Another fun thread - Whats the NASTIEST food you have ever eaten?

sirant

New member
Lets have another fun one.

Now, as most of you know, I live in China, so I can almost guarantee I have you all beat, but lets see:

What is the nastiest, grossest or downright craziest thing you have ever eaten? You didn't have to have liked it, but maybe you did. Not something from a movie or tv show, but something you have actually put in your mouth.

I will wait to see some responses before I give you my list..... ;)

Come on people! Fess up! What did you try? Was it better or worse than you expected? Did you "know" what you were eating at the time?

sirant
 
Truthfully, I can't think of a single thing that ever grossed me out. I took a huge bite of rotten fish before, by accident, and it made me puke.

The grossest thing I've ever seen anyone eat was:

My college roommate.

It was homecoming and we were all tailgating. One of my buddies brought deer bologna and another friend had a pit bull. A huge piece of the bologna was dropped by accident and the dog ate it. I mean a HUGE piece.

The dog, a few minutes later, puked a large portion of the bologna up.

Need I say more?

College guys. Lot's of alcohol. Outside. Being rowdy.

Someone offered my roommate, who was nasty anyhow, 10 bucks to eat the pile of meat that was puked up by the dog.

He did.

I was ill.
 
i talked about this yesterday - after i was offered chocolate covered cicadas - homemade even.... I passed - i just don't like milk chocolate - or bughs for that matter.

In australia - I've had grubs

I looove escargot but then again, garlic on anything could make it edible.

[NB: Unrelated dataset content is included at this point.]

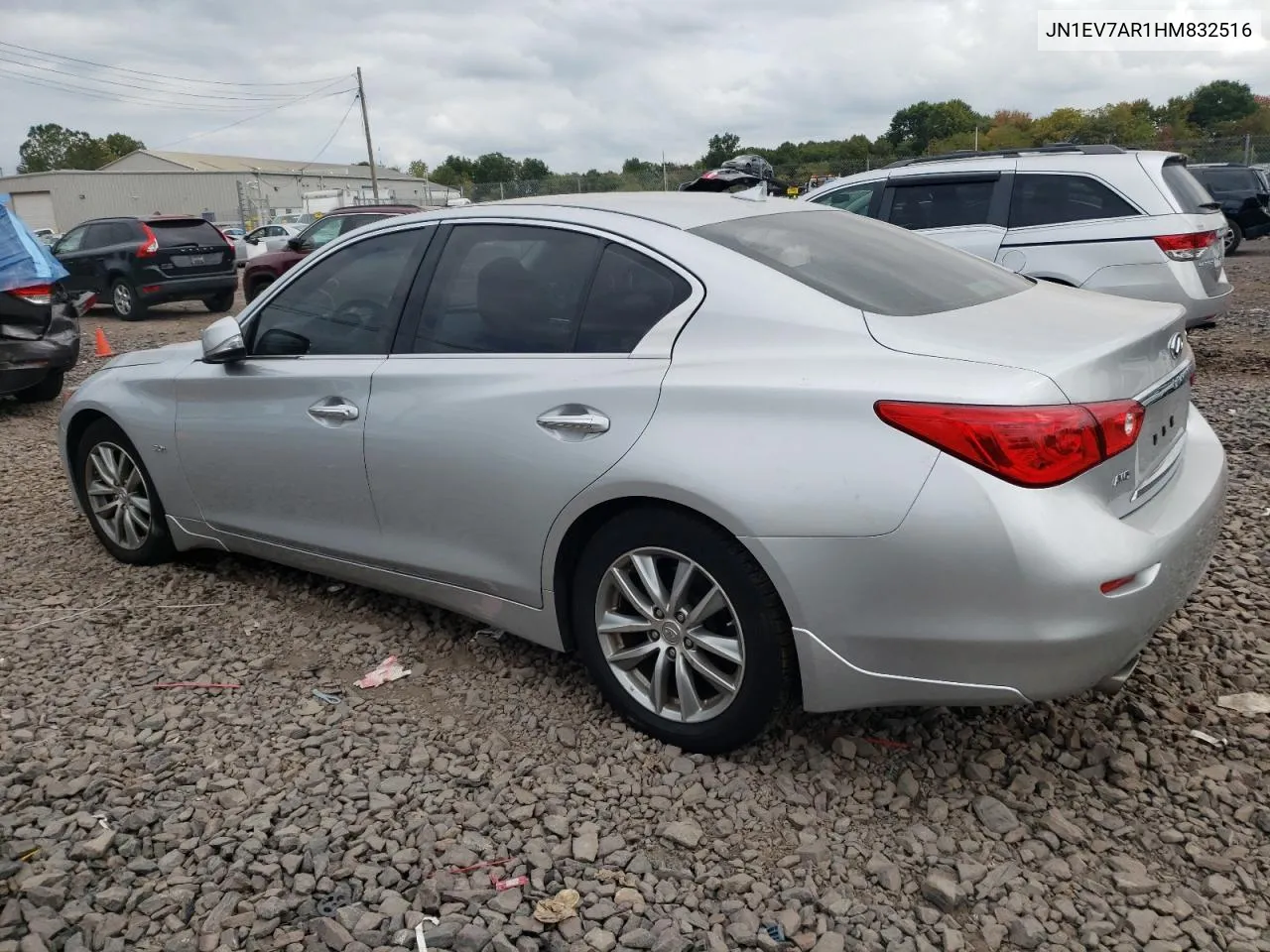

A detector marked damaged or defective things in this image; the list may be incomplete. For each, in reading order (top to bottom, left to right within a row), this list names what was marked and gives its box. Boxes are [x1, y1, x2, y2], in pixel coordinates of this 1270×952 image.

damaged car [1, 205, 92, 404]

Raw Sea Urchin w/ a raw quail egg is one of my favorite bits of sushi

When I lived n new york, i'd go to china town with a pal, who was chinese, ad we'd go to the real restuarants, not the americanized chinese places, and I'n not sure i want to know what I ate there, but it was always good...
 
Many many years ago when I was married to my first husband his mom was from the phillipines and had alot of family in Cali where we lived. I remember going to my first "family dinner". I love how a small family dinner consisted of around 100 people!! Anyways I learned real fast not to ask what was in the food before I tasted it:eek: I also could not pronounce any of the dishes except one. Lumpia yummy stuff!! But the rest of that food. icky icky icky it really was no wonder I was so thin back then:rolleyes: I am sure some of the food was good but after seeing fresh pigs blood being added to a dish I kinda lost my appetite for like the rest of my marriage!!
 
Fried silkworms. They stink, and the smell stays on your hands for days. And they taste as awful as they smell.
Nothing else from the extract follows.